Jakiż inny człek na świecie jest ode mnie nieszczęśliwszy?
pariṇāmaśca vayasaḥ sarvabandhukṣayaśca me /
suhṛnmitravināśaśca daivayogād upāgataḥ /
ko 'nyo 'sti duḥkhitataro mayā loke pumān iha //
Niech więc widzą Pandawowie, że dziś śluby podejmuję,
że wkraczam na długą ścieżkę otwartą na świat brahmana.
tanmām adyaiva paśyantu pāṇḍavāḥ saṃśitavratam /
vivṛtaṃ brahmalokasya dīrgham adhvānam āsthitam //
Waiśampajana rzekł:
Gdy ów Indra pośród mężów wielki okazując smutek
lamentował, rzekł Sańdźaja słowa smutek niweczące:
vaiśaṃpāyana uvāca /
tasya lālapyamānasya bahuśokaṃ vicinvataḥ /
śokāpahaṃ narendrasya saṃjayo vākyam abravīt //
„Oddal smutek, królu, wszakże zapewnienia Wed słyszałeś,
różne z ksiąg nauki starszych, i co rzekli niegdyś mędrcy,
o najlepszy, gdy Sryńdźaja cierpiał po utracie syna.
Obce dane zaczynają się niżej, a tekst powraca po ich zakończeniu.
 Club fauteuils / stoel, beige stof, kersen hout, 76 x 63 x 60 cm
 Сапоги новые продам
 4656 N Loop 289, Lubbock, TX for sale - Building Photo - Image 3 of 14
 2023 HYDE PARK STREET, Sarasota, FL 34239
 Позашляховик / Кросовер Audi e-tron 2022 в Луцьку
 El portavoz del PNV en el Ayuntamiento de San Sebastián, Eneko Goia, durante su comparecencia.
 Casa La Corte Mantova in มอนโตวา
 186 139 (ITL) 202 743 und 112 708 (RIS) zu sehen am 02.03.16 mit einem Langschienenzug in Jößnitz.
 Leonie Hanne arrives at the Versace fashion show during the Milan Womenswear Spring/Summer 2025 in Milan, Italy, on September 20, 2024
śokaṃ rājan vyapanuda śrutāste vedaniścayāḥ /
śāstrāgamāśca vividhā vṛddhebhyo nṛpasattama /
sṛñjaye putraśokārte yad ūcur munayaḥ purā //
Kiedy syn twój popadł w pychę zrodzoną z młodości, królu,
nie słuchałeś rad przyjaciół, gdy radzili ci, i chciwy,
pragnąc zysku nie zrobiłeś niczego dla swej korzyści.
tathā yauvanajaṃ darpam āsthite te sute nṛpa /
na tvayā suhṛdāṃ vākyaṃ bruvatām avadhāritam /
svārthaśca na kṛtaḥ kaścil lubdhena phalagṛddhinā //
Duhśasana ci doradzał i syn Radhy niegodziwy ,
nikczemny Śakuni także i niemądry Ćitrasena ,
i Cierń-Śalja, który sprawił, że świat cały stał się cierniem .
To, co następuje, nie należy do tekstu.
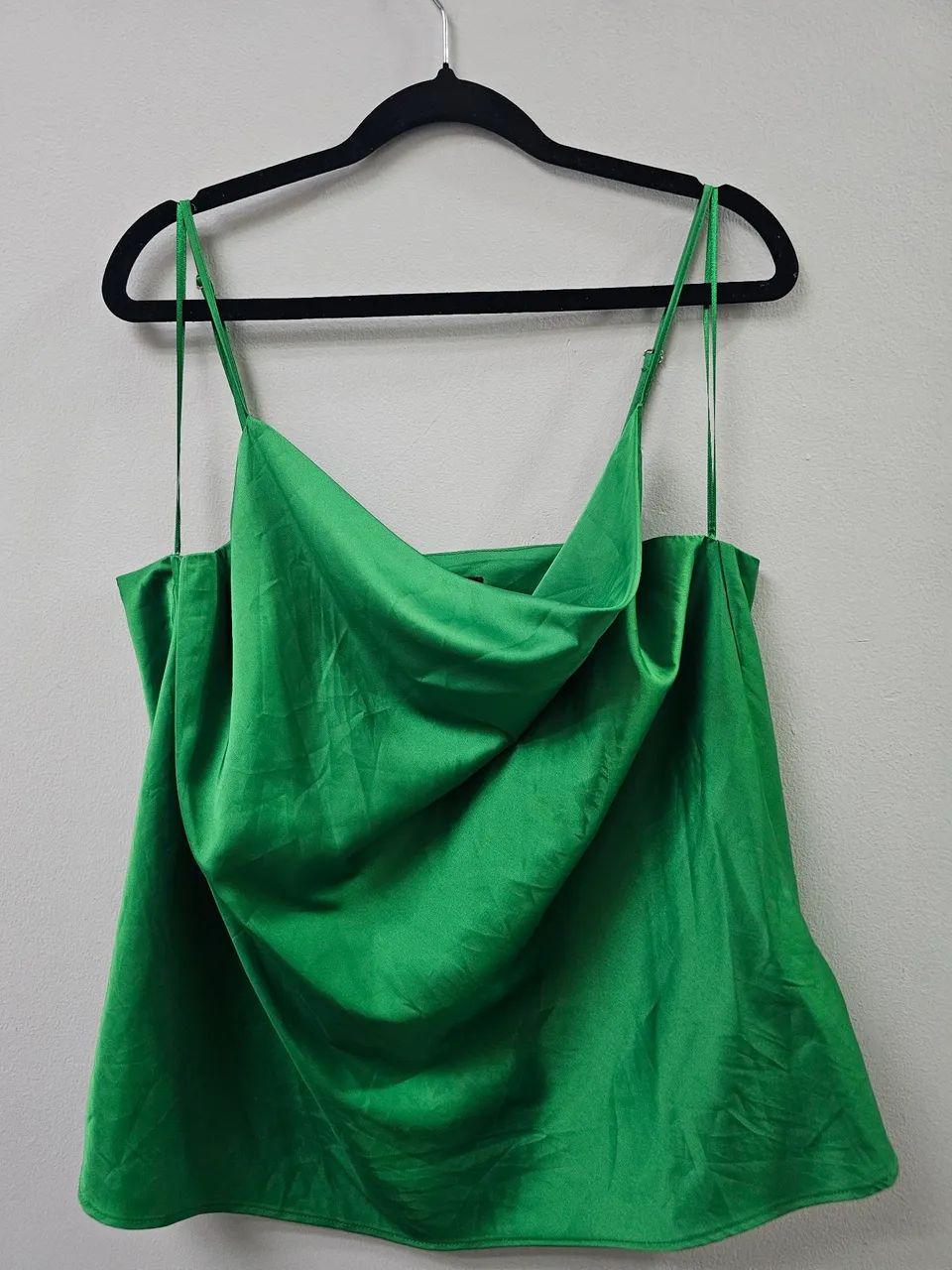 Blusas de alcinhas e croppeds - Foto 2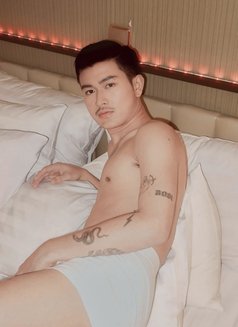 AsianMixed_Stoner For U 🧊 - Male escort in Bangkok Photo 7 of 8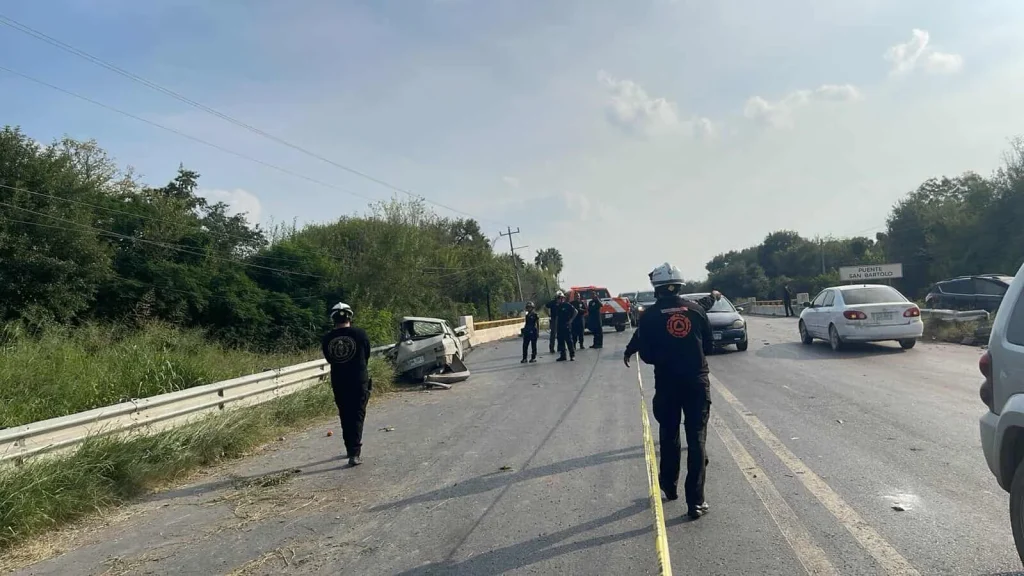 Mueren tres personas en accidente carretero en Cadereyta 1 569210033 815230421436906 8287651069157874038 n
tava duḥśāsano mantrī rādheyaśca durātmavān /
śakuniścaiva duṣṭātmā citrasenaśca durmatiḥ /
śalyaśca yena vai sarvaṃ śalyabhūtaṃ kṛtaṃ jagat //
Słów Bhiszmy – seniora Kurów, i Gandhari, i Widury
nie wprowadził w życie tenże syn twój, potomku Bharaty.
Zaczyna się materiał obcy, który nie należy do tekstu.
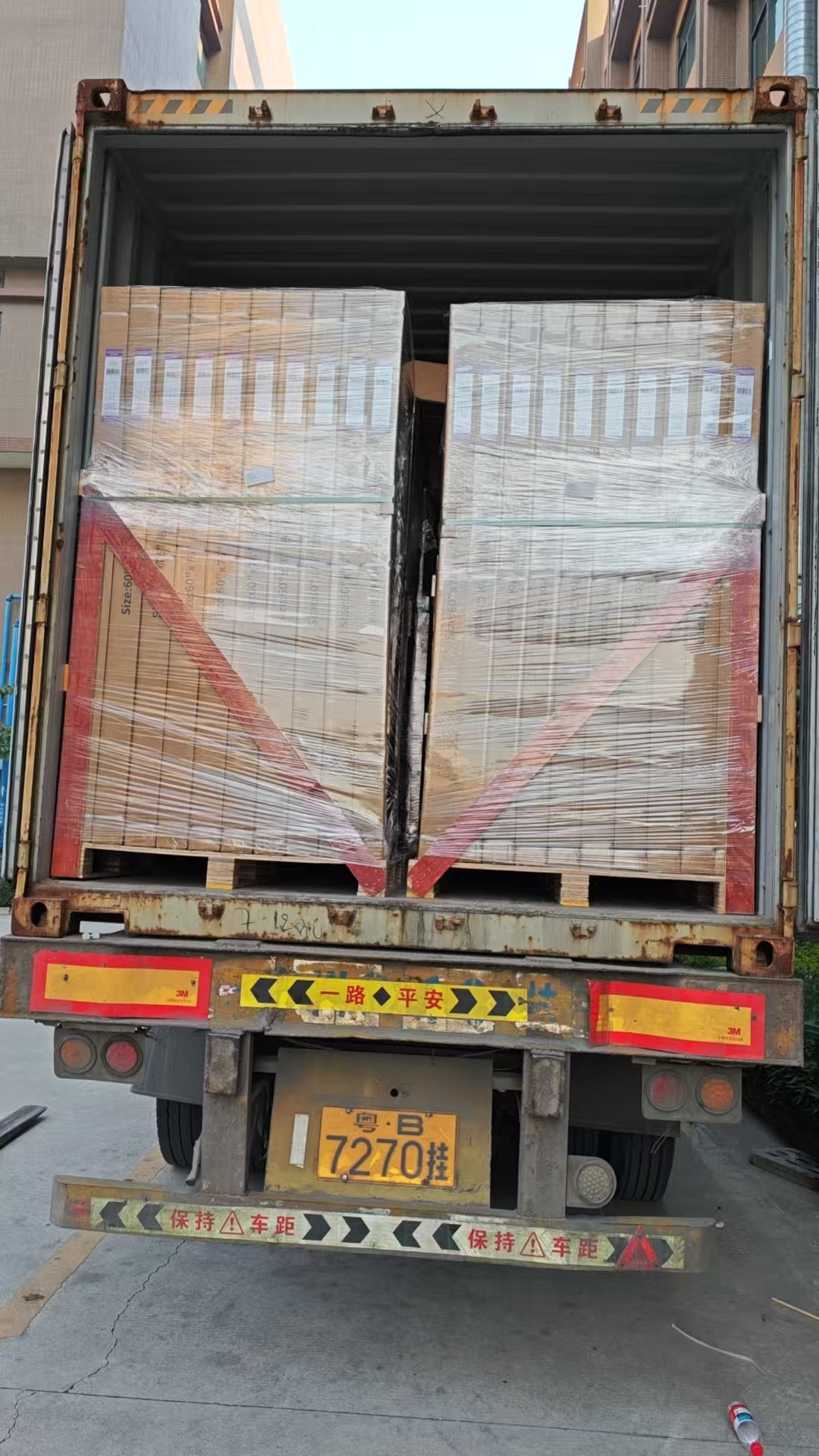 shower enclosures pallets in the container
kuruvṛddhasya bhīṣmasya gāndhāryā vidurasya ca /
na kṛtaṃ vacanaṃ tena tava putreṇa bhārata //
Mówiąc tak: ‘żadnej prawości nie szanuję, tylko wojnę!’,
zagładę kszatrijów wszystkich sprawił i wzrost sławy wrogów.
na dharmaḥ satkṛtaḥ kaścinnityaṃ yuddham iti bruvan /
kṣapitāḥ kṣatriyāḥ sarve śatrūṇāṃ vardhitaṃ yaśaḥ //
Chociaż ty bezstronny byłeś, nie rzekłeś nic właściwego,
dzierżąc jednakowe brzemię różną miarą je mierzyłeś.
madhyastho hi tvam apyāsīr na kṣamaṃ kiṃcid uktavān /
dhūr dhareṇa tvayā bhārastulayā na samaṃ dhṛtaḥ //
Od początku człowiek winien postępować tak właściwie,
by skończone zamierzenie nie wiązało się z cierpieniem.
ādāveva manuṣyeṇa vartitavyaṃ yathā kṣamam /
yathā nātītam arthaṃ vai paścāttāpena yujyate //
Królu, oddany synowi, chcący robić, co mu miłe,
nad cierpieniem doświadczonym boleć ty nie powinieneś.
putragṛddhyā tvayā rājan priyaṃ tasya cikīrṣatā /
paścāttāpam idaṃ prāptaṃ na tvaṃ śocitum arhasi //
Kto tylko miód nad przepaścią widzi, nie widząc przepaści,
żądny miodu spada w przepaść ten – bolejąc jak ty, panie.
madhu yaḥ kevalaṃ dṛṣṭvā prapātaṃ nānupaśyati /
sa bhraṣṭo madhulobhena śocatyeva yathā bhavān //
Bolejący nie osiąga celów, szczęścia nie zaznaje,
nie zyskuje pomyślności, nie znajduje Najwyższego.
arthānna śocan prāpnoti na śocan vindate sukham /
na śocañ śriyam āpnoti na śocan vindate param //
Kto sam produkuje ogień i okrywa go swą szatą,
a żar spalający umysł odczuwa, ten nie jest mędrcem.
svayam utpādayitvāgniṃ vastreṇa pariveṣṭayet /
dahyamāno manastāpaṃ bhajate na sa paṇḍitaḥ //
To ty wraz ze swoim synem rozpaliłeś ogień Parthów ,
ogień wiatrem słów wzbudzany, polewany masłem żądzy.
tvayaiva sasutenāyaṃ vākyavāyusamīritaḥ /
lobhājyena ca saṃsikto jvalitaḥ pārthapāvakaḥ //
Po wznieceniu go wpadali doń jak ćmy synowie twoi,
więc nad tymi spalanymi w płomieniach Bujnowłosego
boleć ty nie powinieneś.
tasmin samiddhe patitāḥ śalabhā iva te sutāḥ /
tān keśavārcirnirdagdhānna tvaṃ śocitum arhasi //
Oblicze, które ujawniasz, pełne łez potoków, królu,
nie jest w księgach doceniane, mędrcy go nie pochwalają.
yaccāśrupātakalilaṃ vadanaṃ vahase nṛpa /
aśāstradṛṣṭam etaddhi na praśaṃsanti paṇḍitāḥ //
Bo łzy twoje niczym iskry, zaprawdę, tych ludzi palą,
poprzez rozum porzuć smutek, sam ze sobą dojdź do ładu.”
visphuliṅgā iva hyetān dahanti kila mānavān /
jahīhi manyuṃ buddhyā vai dhārayātmānam ātmanā //
Tak pocieszał go Sańdźaja wielkoduszny, a następnie
rzekł Widura swą rozumną mowę, o dręczący wroga.